Roth IRA conversions can deliver some lucrative hidden benefits

27 Mar    IRA conversions

Roth IRA conversions can deliver some lucrative hidden benefits

You might ask how does the Roth IRA conversions deliver some lucrative hidden benefits?  Lets first go over the basics.

Unlike traditional IRAs whose distributions are taxed, their Roth counterparts generally come with tax-free distributions once you reach age 59½.  They also come with no required minimum distributions — annual amounts you must take starting at age 70½ — during your lifetime.

However, contributions aren’t tax-deductible the way they are with traditional IRAs or 401(k) plans. That means if you move pre-tax money from one of those accounts to a Roth IRA, you must pay taxes on the amount moved — and have a plan for paying the taxes due.

Right now, though, federal taxes are relatively low, which would mean paying less than you might down the road if you were to wait to do a Roth conversion but Federal taxes are the fuel to keep the government running so it’s more likely that taxes will rise in the future, not go down. 

With a Roth IRA there are contribution and income limits that apply to direct contributions made to a Roth IRA, those restrictions don’t exist for assets transferred from other qualified retirement accounts.

At the same time, however, there may be reasons not to do a conversion or to limit how much you convert in one year.  Some of the rules can get confusing and it should also fit into the context of your overall financial plan.  It’s wise to get professional guidance to ensure the move makes sense for your situation.

Below are some of the situations where a Roth conversion might be right for you.

The widow penalty.

Even for retired couples with more modest income, a Roth rollover can make sense if it’s anticipated that one spouse will outlive the other.

The reason is that household income may not drop all that much after the death of one spouse. When that’s the case, being taxed as a single filer generates more in taxes than filing jointly as a married couple.

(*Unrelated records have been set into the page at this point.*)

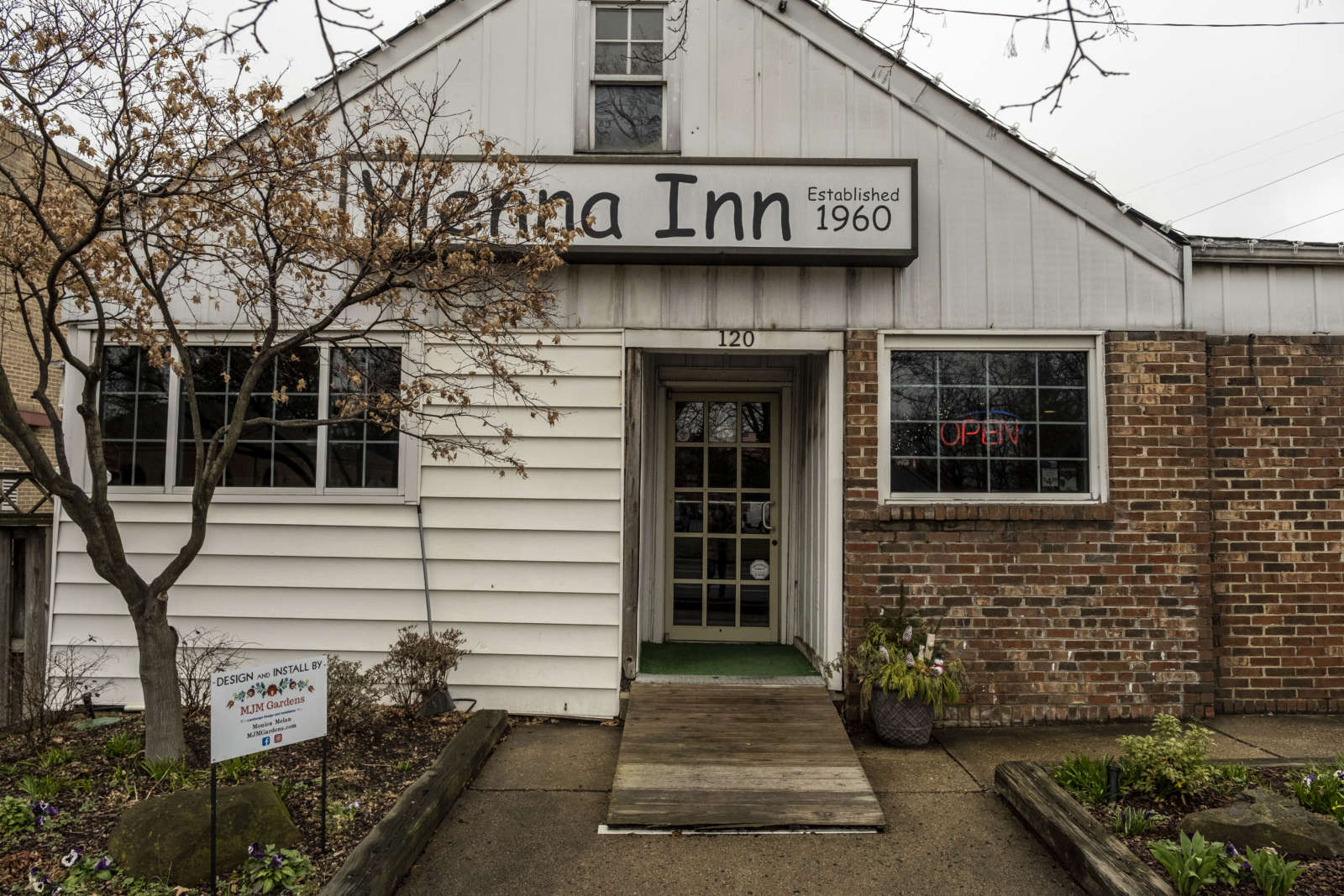 Vienna Inn Celebrating National Chili Day With Deals, Early Lunch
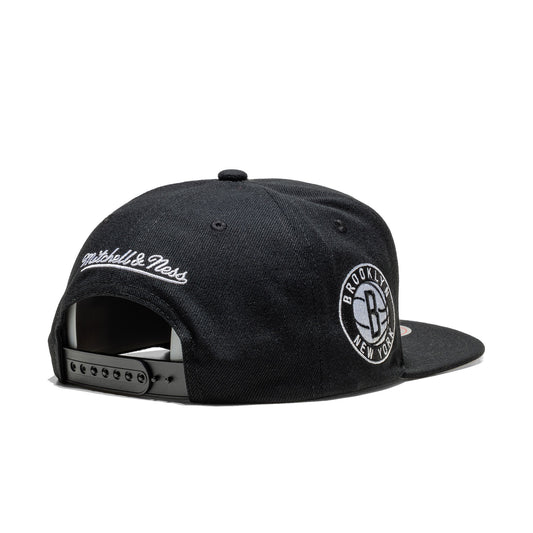 Mitchell & Ness Evergreen Black/White Snapback Nets  - HS8547-BNEBLCK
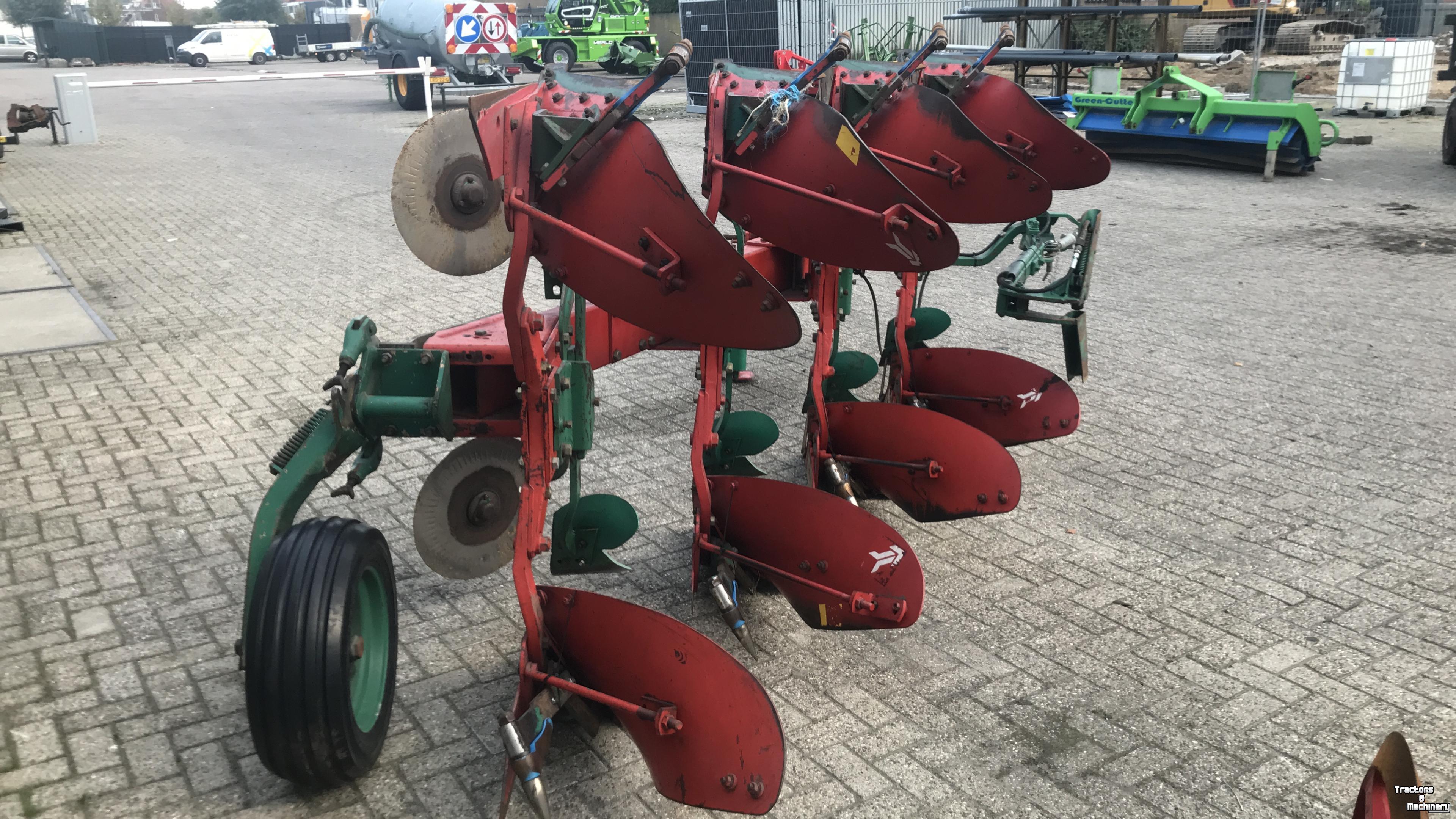 Ploegen Kverneland LD85 4-schaar met vorenpakker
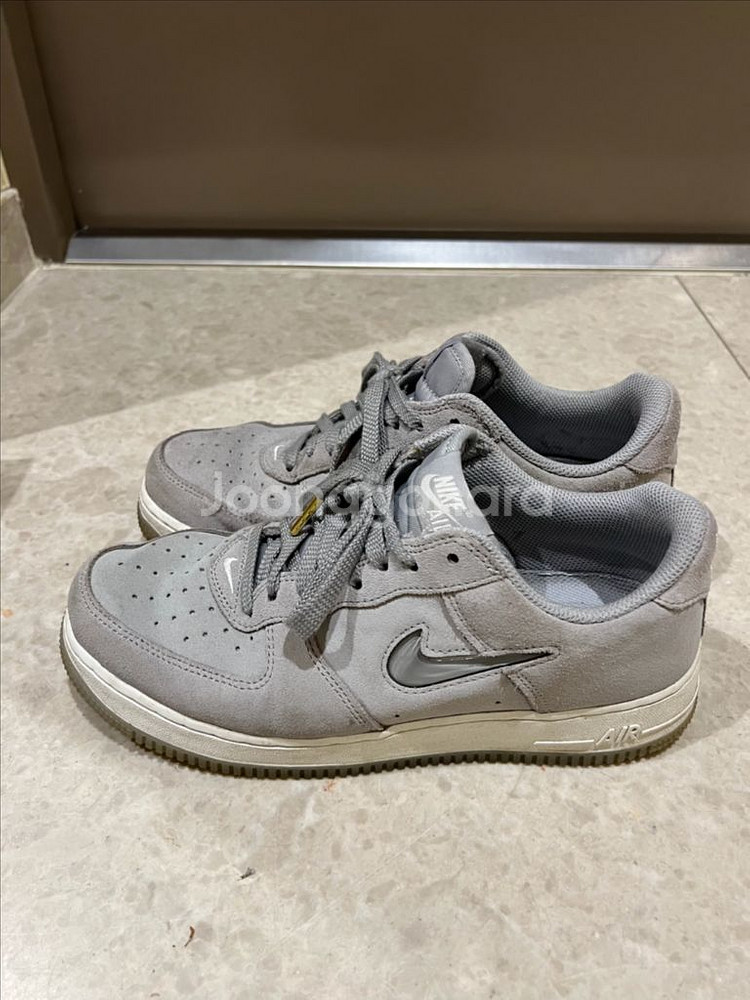 나이키 에어포스 1 레트로 (255)--0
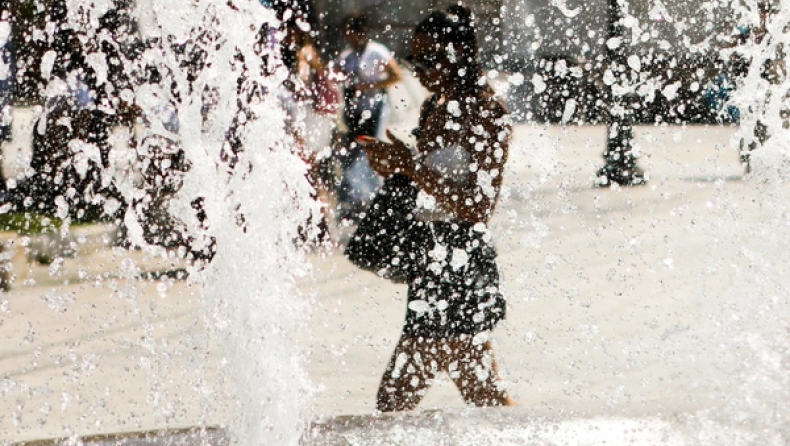 Καύσωνας στην Ευρώπη: Κλειστός ο Πύργος του Άιφελ και μέτρα στην Ιταλία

For example, income of $60,000 puts a married couple in the 12% tax bracket. A single filer with that income would be in the 22% bracket. Additionally, the standard deduction for single filers is half that for married couples: $12,200 vs. $24,400 in 2019.

So, the idea is that if the couple did a Roth conversion, the surviving spouse could have some tax-free income instead of paying at a higher rate.

That possible change in filing status is important for the decision to do the conversion or not.

Retiring early

While regular IRAs and 401(k) accounts generally come with a 10% penalty if you withdraw money before age 59½, the rules are slightly different for Roth IRAs.

Direct contributions — which, again, are after-tax — can be withdrawn at any time penalty-free. The earnings, though, generally must remain untouched to avoid the penalty (and taxes).

For money that’s converted to a Roth IRA, you can avoid the penalty as long as you leave it alone for five years. As with direct contributions, however, the earnings remain off-limits until age 59½ or you’ll pay the 10% penalty, as well as taxes.

With federal tax rates relatively low, now might be a good time to convert money and pay taxes on it at current levels rather than chance that rates will go up down the road.

Assets converted from another qualified retirement account are not subject to the contribution and income limits that come with direct contributions.

Some less obvious situations when such a move might make sense include plans for an early retirement or anticipation of the so-called widow penalty, along with small-business owners looking to better capitalize on the 20% pass-through deduction.

For some savers, the appeal of moving assets to a Roth individual retirement account often stems from the tax-free income it will deliver in their golden years but it is not for everyone.

While you’re subject to the same federal tax rate regardless of where you live, the same can’t be said for state taxes.

Some retirees in search of lower taxes head to states with no income tax, such as Florida. Regardless of the reason, if your new home would be in a state with a higher tax rate than you have now, converting money to a Roth IRA from a 401(k) or traditional IRA would mean being able to avoid that new, higher rate altogether when you take money out.  On the other hand, if you’re heading to a low- or no-tax state and are considering a Roth conversion, it might make sense to wait until after the move.

Whatever you decide to do it’s wise to get professional guidance to ensure the move makes sense for your situation.

NOTE:

The opinions stated here are my own and do not constitute financial advice in any way whatsoever.  Nothing published on my website constitutes an investment recommendation, nor should any data or content published be relied upon for any investment activities.  I strongly recommend that you perform your own independent research and/or speak with a qualified professional before making any financial decisions.  My website does not warrant or make any representations concerning the accuracy, likely results, or reliability of the materials on my website or any sites linked on my website.